■ **Exercise description**
Where the line containing "Blanche De Sologne" appears, begin retyping; continue exactly through the final line of the data. Omit every picture.

.....

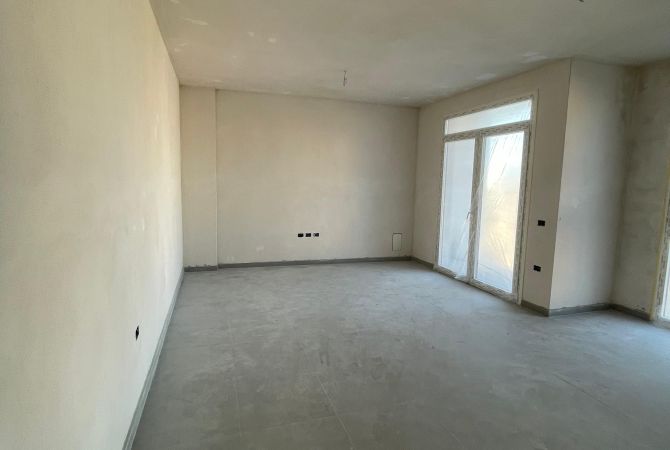 Shtepi ne shitje Apartament ne Tirane, 1+1, Mobilimi Bosh, pa mobiluar, Pagesa 132,270  Euro.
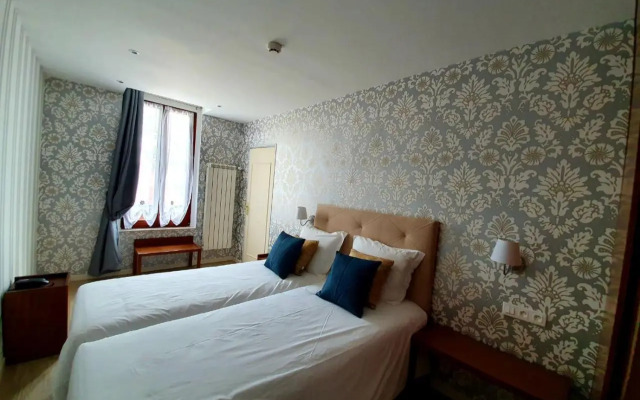 Hotel  Restaurant La Croix Blanche De Sologne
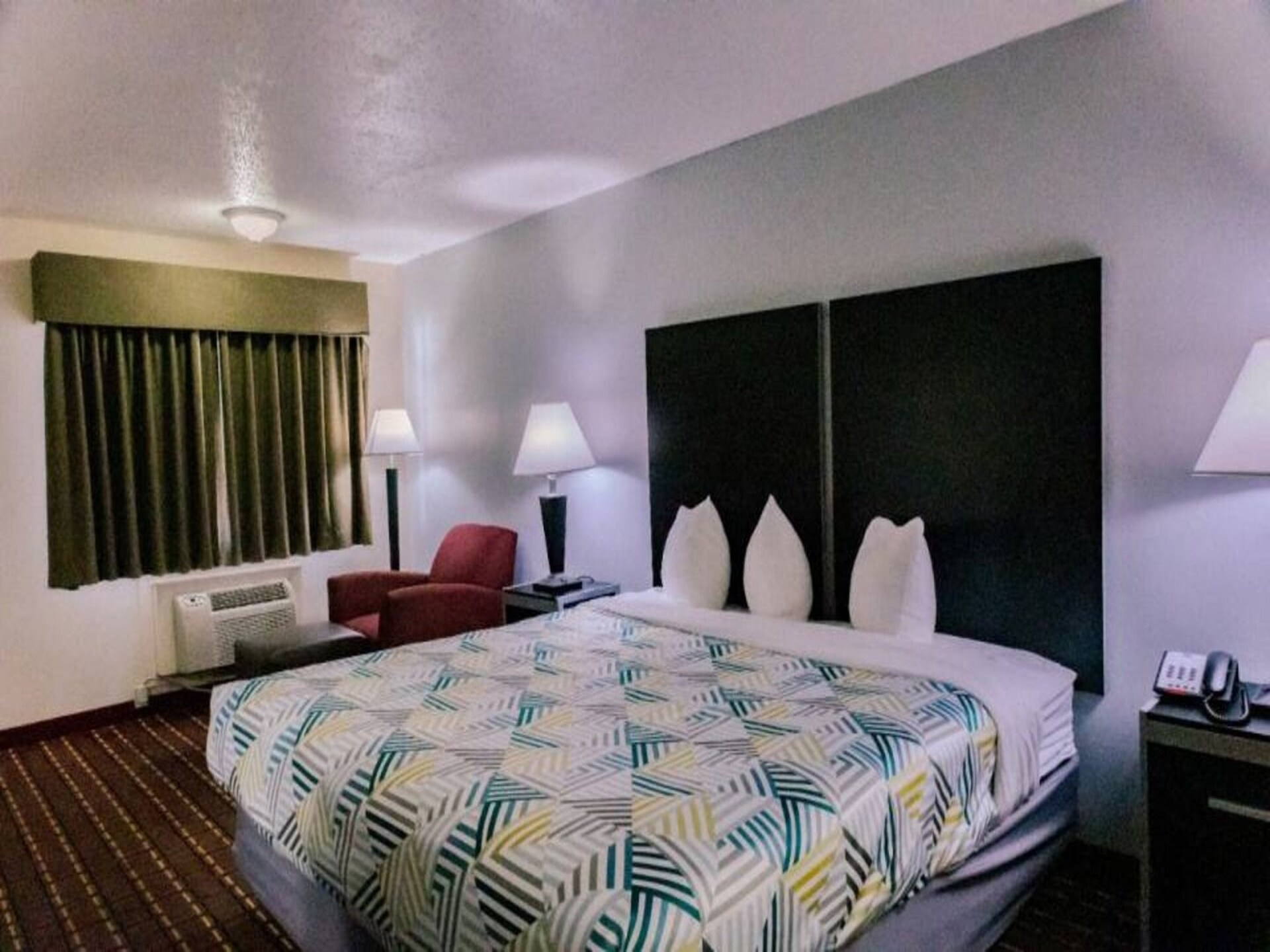 Comfortabele kingsize kamer met koelkast en magnetron in Nacogdoches - foto 3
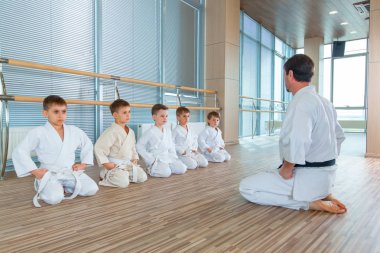 genç, güzel, başarılı çok etik çocuklar karate pozisyonda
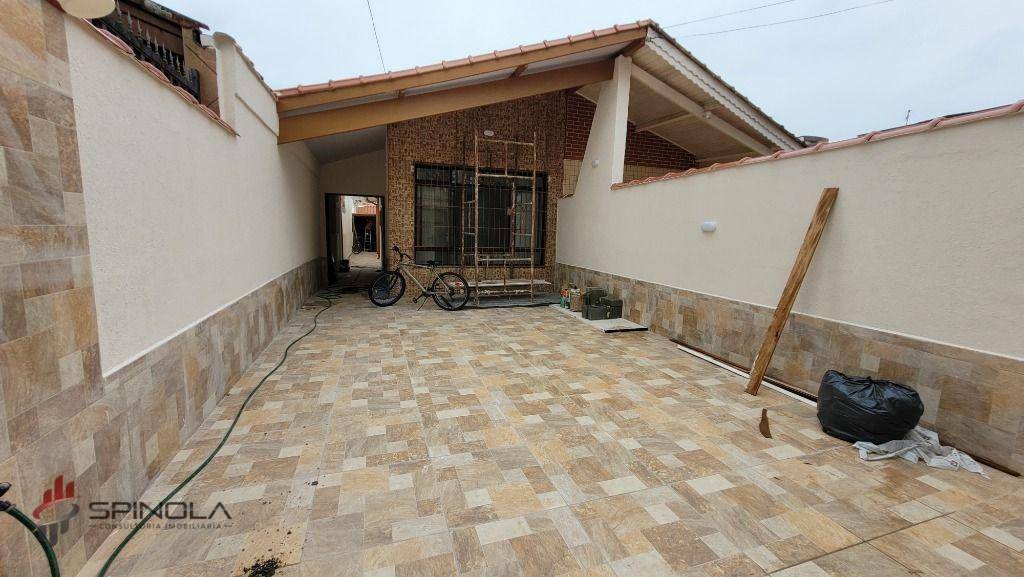 Casa à venda com 2 quartos, 90m² - Foto 1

.....

■ **Exercise output**
 Hotel  Restaurant La Croix Blanche De Sologne
 Comfortabele kingsize kamer met koelkast en magnetron in Nacogdoches - foto 3
 genç, güzel, başarılı çok etik çocuklar karate pozisyonda
 Casa à venda com 2 quartos, 90m² - Foto 1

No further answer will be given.